Canadian politician (1942–2024)

John Edward Hastings (March 16, 1942 – May 15, 2024) was a Canadian politician in Ontario, Canada. He was a Progressive Conservative member of the Legislative Assembly of Ontario from 1995 to 2003.

==Background==
Hastings earned degrees from the University of Western Ontario (1963) and the University of Toronto (1967). He worked as a political researcher and as a teacher in Ontario's Secondary School system. In 1975, he worked as executive assistant to provincial cabinet minister Lorne Henderson. Hastings was a member of the Worker's Compensation Board from 1977 to 1994 and also served on the advisory board of the Institute of Study of Antisocial Behaviour in Youth before entering public life.

==Politics==
Hastings ran for Toronto's Hydro Commission in 1985 and was elected to the second position.

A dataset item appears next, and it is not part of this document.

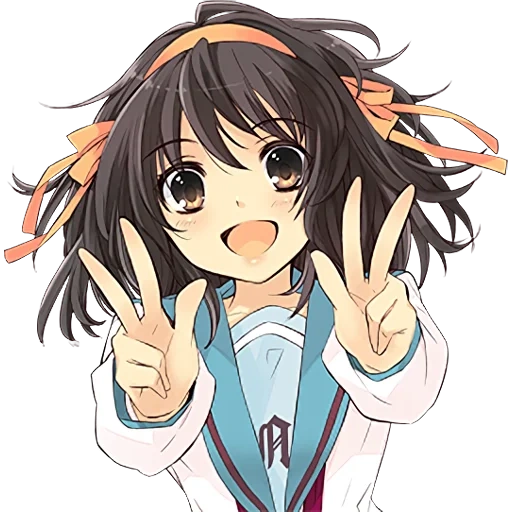 suzuki, karakter anime, suzuki harumi, suzuki chunxi melankolis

He was elected to the Etobicoke City Council in 1988, and held this position until 1995.

Hastings was elected to the Ontario legislature in the 1995 provincial election, defeating long-serving New Democrat Ed Philip by fewer than 1,000 votes in Etobicoke—Rexdale. In 1997, he was appointed a parliamentary assistant to the minister of transportation.

In the 1999 provincial election, Hastings ran for re-election in the redistributed riding of Etobicoke North and retained his seat with less than 40 per cent of the popular vote. Hastings's riding was targeted by both the Liberals and NDP, and many believe that "vote-splitting" among the opposition parties caused his re-election. In 2000, Hastings supported Stockwell Day for the leadership of the Canadian Alliance on the second ballot of the newly formed party's leadership contest.

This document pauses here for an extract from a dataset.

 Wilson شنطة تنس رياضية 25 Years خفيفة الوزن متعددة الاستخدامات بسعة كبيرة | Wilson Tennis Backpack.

He supported Ernie Eves to replace Harris as party leader in 2002, even though his riding executive endorsed rival candidate Jim Flaherty. Hastings rarely spoke in the legislature after Harris' retirement as premier and did not seek re-election in 2003.

On November 13, 2006, Hastings was elected to the Toronto District School Board as Trustee for Ward 1 (Etobicoke North), defeating incumbent Stan Nemiroff. Hastings took office in December 2006. He was re-elected in 2010 but was defeated in 2014 by Michael Ford who was fifty-two years his junior, the nephew of then-Mayor Rob Ford and then-councillor Doug Ford. After 17 months, Michael Ford vacated his school board seat to run for the municipal council seat held by Rob Ford at his death. Hastings sought to regain the school board seat in the 2016 by-election but was defeated by business owner Avtar Minhas.

Hastings died on May 15, 2024, at the age of 82.